OK, a couple of things. First of all: I personally see nothing wrong with having computer chips in our heads, as long as they can’t be hacked too easily. Just saying, for the record. And number two: as attached as some people may be to the notion that handwriting is a vital thing to teach our children, that attachment isn’t as old as you might think.

TRUBEK: If we just talk about the United States, we’re really only talking about since maybe 1890 that you have this idea that all kids learn these things.  It was not true before then.
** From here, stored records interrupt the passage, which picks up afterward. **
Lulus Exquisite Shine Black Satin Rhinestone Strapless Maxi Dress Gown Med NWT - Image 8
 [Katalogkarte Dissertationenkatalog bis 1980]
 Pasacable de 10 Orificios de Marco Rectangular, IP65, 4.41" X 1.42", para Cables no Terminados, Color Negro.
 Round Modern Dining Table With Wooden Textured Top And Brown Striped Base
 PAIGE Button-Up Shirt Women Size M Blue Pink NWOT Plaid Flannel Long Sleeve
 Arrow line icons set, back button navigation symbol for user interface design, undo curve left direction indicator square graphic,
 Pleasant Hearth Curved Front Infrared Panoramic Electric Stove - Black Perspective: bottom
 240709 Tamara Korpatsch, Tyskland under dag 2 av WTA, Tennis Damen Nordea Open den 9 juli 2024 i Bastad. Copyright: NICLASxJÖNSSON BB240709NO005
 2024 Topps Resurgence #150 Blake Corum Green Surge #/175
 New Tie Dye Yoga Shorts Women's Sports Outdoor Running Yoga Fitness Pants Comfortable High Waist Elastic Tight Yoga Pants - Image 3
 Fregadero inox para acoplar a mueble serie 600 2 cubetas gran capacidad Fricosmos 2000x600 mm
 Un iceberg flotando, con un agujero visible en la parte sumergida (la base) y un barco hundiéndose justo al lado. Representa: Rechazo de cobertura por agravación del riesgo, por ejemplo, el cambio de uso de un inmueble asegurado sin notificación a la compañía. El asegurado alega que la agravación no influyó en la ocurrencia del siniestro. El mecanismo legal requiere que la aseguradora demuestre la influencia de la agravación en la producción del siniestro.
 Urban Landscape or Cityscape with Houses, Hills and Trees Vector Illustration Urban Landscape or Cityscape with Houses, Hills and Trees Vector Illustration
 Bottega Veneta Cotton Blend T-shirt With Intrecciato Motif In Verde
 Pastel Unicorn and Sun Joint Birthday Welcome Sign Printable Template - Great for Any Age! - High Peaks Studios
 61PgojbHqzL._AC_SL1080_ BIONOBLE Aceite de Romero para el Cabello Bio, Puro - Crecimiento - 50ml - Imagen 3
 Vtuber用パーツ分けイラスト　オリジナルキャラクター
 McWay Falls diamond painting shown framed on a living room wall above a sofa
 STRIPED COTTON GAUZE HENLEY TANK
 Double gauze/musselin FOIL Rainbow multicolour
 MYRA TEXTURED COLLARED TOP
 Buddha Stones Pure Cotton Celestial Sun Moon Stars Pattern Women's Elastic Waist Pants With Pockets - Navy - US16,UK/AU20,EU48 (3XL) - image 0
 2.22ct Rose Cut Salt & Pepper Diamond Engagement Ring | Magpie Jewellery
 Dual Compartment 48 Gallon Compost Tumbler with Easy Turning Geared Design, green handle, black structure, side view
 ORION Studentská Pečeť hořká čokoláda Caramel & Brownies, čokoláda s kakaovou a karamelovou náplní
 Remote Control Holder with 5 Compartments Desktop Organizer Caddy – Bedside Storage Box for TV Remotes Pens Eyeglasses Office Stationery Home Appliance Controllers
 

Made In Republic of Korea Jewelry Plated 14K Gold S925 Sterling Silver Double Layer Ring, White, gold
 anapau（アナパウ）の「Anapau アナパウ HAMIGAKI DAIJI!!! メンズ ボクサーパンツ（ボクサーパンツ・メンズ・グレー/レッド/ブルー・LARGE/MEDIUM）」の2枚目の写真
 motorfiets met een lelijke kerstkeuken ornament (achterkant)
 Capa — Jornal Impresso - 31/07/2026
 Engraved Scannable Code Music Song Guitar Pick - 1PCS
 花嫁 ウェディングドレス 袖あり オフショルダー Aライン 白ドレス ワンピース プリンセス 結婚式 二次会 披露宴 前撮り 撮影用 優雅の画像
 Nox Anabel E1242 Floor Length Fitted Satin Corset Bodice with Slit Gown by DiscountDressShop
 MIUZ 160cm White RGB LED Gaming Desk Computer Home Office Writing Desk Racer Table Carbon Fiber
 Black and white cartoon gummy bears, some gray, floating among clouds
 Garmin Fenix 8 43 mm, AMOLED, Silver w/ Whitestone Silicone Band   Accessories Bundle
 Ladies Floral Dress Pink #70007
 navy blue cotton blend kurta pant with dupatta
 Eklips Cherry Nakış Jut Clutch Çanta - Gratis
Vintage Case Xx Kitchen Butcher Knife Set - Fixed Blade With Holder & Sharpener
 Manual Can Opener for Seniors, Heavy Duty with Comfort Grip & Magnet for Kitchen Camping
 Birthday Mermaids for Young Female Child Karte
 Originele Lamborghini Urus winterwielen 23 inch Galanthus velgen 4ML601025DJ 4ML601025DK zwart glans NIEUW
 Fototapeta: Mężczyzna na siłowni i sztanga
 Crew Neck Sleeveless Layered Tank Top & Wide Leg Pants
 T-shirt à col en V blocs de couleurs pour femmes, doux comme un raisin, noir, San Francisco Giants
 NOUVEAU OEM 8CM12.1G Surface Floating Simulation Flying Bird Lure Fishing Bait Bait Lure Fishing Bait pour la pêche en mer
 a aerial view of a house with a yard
TRUBEK: I would say at the beginning of the 19th century, you have the beginning of more public schools where penmanship was taught. So it was always part of the American education, although there weren’t as many Americans being educated. And then in the middle of the 19th century, you have the first, sort of, franchised — penmanship franchise where Platt Rogers Spencer develops a script that is, he believes is religiously infused, and will make you become more moral, and more Christian, and in tune with nature; and it really sweeps the nation and everyone starts adopting that script.  He would be replaced by Palmer, who is more familiar to us now, whose Palmer method comes around at the late 19th century; and it is aimed to be a more masculine and industrial script for the more industrial age. And then that becomes really the one way that every American is taught their scripts until the second half of the 20th century where it, sort of, fragments.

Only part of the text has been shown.